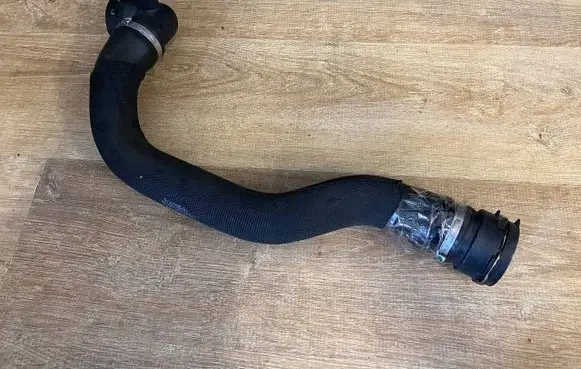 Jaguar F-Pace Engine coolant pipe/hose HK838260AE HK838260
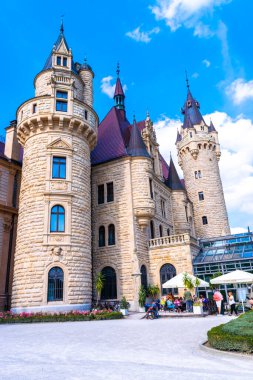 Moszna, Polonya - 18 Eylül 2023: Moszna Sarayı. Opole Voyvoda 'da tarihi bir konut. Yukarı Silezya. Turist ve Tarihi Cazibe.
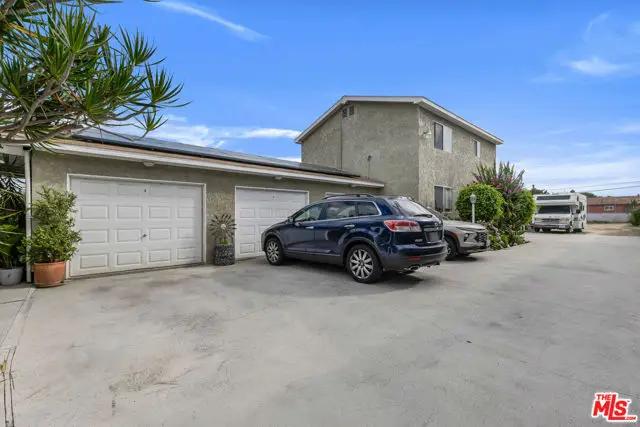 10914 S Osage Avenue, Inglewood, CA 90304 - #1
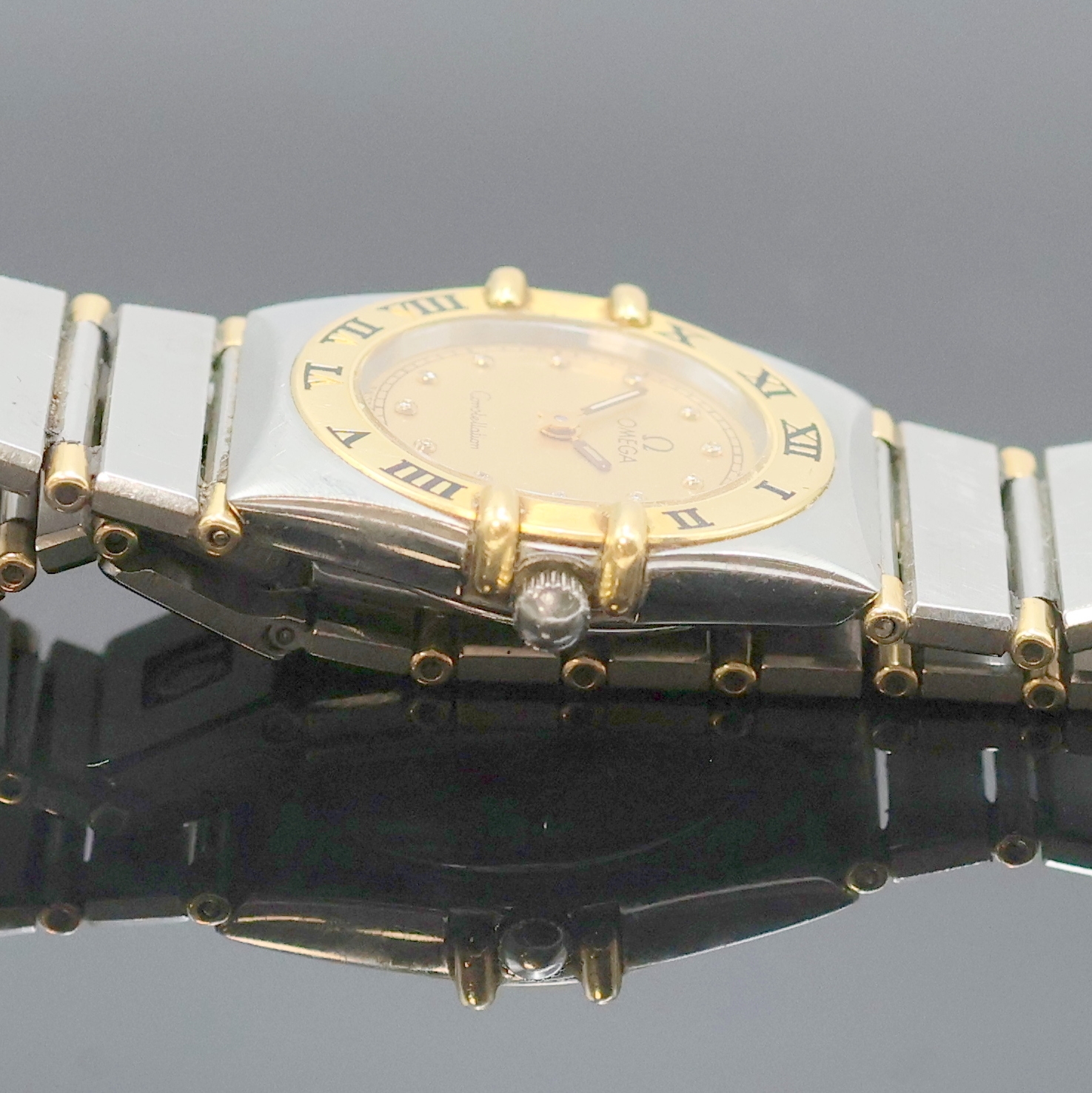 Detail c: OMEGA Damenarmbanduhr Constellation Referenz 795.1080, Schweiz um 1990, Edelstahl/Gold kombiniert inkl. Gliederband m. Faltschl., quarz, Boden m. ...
* * * * * * *
■ **What needs to be done**: Set down the full listing above with its wording unchanged. Leave out its images.

■ **Result of the exercise**:
 Jaguar F-Pace Engine coolant pipe/hose HK838260AE HK838260
 Moszna, Polonya - 18 Eylül 2023: Moszna Sarayı. Opole Voyvoda 'da tarihi bir konut. Yukarı Silezya. Turist ve Tarihi Cazibe.
 10914 S Osage Avenue, Inglewood, CA 90304 - #1
 Detail c: OMEGA Damenarmbanduhr Constellation Referenz 795.1080, Schweiz um 1990, Edelstahl/Gold kombiniert inkl. Gliederband m. Faltschl., quarz, Boden m. ...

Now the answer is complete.